SOLA TODAY Vol.714
ポジティブであれネガティブであれ、どちらかへ極端に走るとろくなことはない。健全なのはそれらのバランスであり、その振れ幅が大きいほど人間としての魅力が増すと思っている。
ところがポジティブなほうが好ましい、と考える人は多い。昨日もある記事を読んで、内容に賛同しつつも、疑問を持ってしまった。
この記事では、自己肯定感が高い人ほど、生活の意欲や幸福感が高くなる傾向があると断定している。まぁ、わからないことはない。自分のことをOKだと思えることで、やる気が出て幸福感が増すと思う。
この記事の面白いところは、通勤電車で自己肯定感が高い人とそうでない人がわかるという部分。ある著名な学者がこう述べているそう。
「たとえば通勤電車で自信満々な態度で席に座り、周囲を威嚇しているような人は自己肯定感が低い。一方、自己肯定感が高い人ほど自然体で車内でも目立たない」
なぜこうなるのか気になる人は、リンク先の記事に詳しく書かれている。心理学的にも面白い考察だった。要するに自分に自信がないから、他人の前では偉そうにするということ。逆に自信がある人は、アピールする必要がないので目立たないらしい。
なるほどと思ったし、この分析に異を唱えるつもりはない。弱い犬ほどよく吠えるのと同じだろう。ただボクが気になったのは、自己肯定感の高い人が幸せだと断定していること。
本当にそうだろうか?
ボクは人間にとって欠かせないものとして、自己検証と自己否定を大切にしている。自己を肯定することは大切だけれど、得てして自己満足に陥りやすいのが人間の性質。それでは想定外の進歩なんて一生経験することなく、井の中の蛙で終わってしまう。
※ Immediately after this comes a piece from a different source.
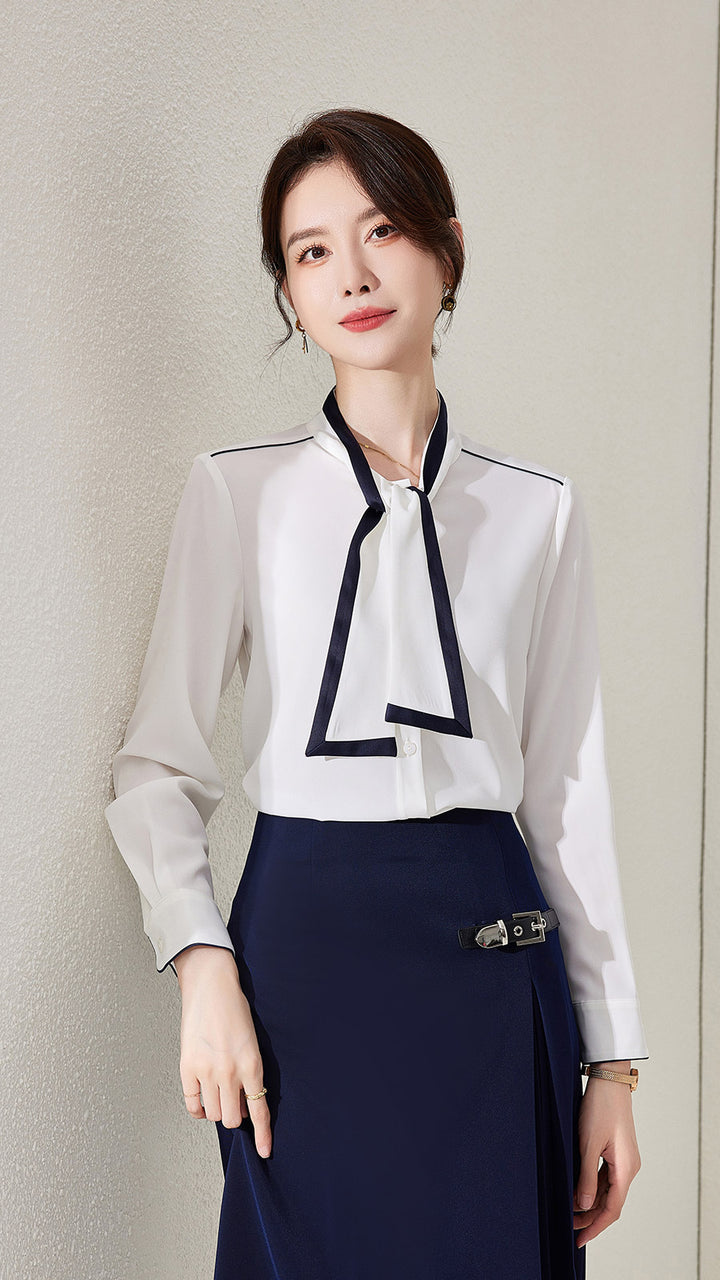 Meliora Bow Tie Neck Blouse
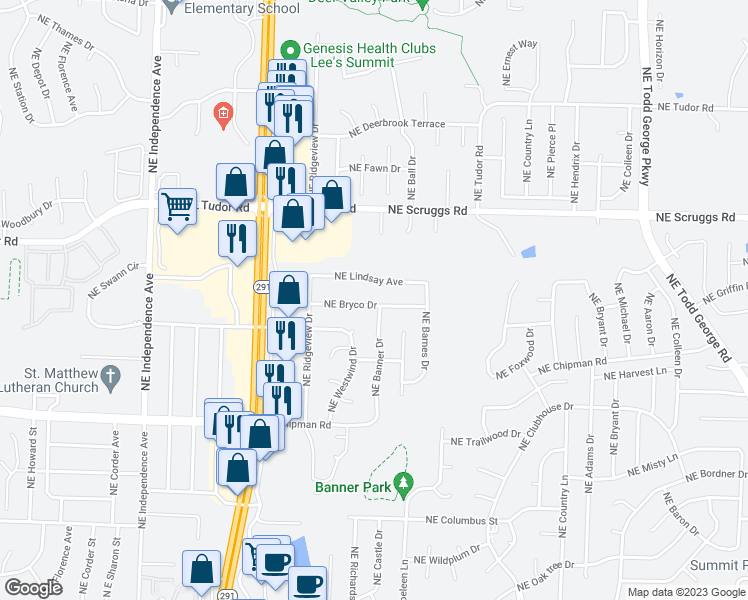 map of restaurants, bars, coffee shops, grocery stores, and more near 1104 Northeast Bryco Drive in Lee's Summit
今の自分でいいのだろうか? このままでいいのだろうか? そういう思いがなければ、人間は進化しない。ただ闇雲に自己肯定感を高めても、単なる自慰行為と同じ。
最初に書いたように、バランスが大切だと思う。まずは常に自分の現状を検証することが必要だろう。
自己検証→自己否定→さらなる努力→自己肯定。そしてまた自己検証→自己否定→さらなる努力→自己肯定とくり返していく。このループを継続していくことで、人間は進歩していくんだと思っている。
だから客観的な自己否定ができない人は、現状より先に進むことはない。それで本当に幸せだと言えるのだろうか? ボクならそんな人生はいらない。
自己否定はしんどいし、それを肯定に変えていくのも辛いことばかり。毎日毎日文章を書きながら、自己否定に打ちのめされている。だけど適当に妥協して自己満足にひたっていることは、ボクにとって幸せじゃない。
今までやれなかったことを達成したり、さらにその先に挑もうとする気持ちこそが、ボクの幸福感を支えている。だから自己検証と自己否定をくり返し、そこから常に新しい自己肯定を得ようとしている。生きることは、そのくり返しだと思っている。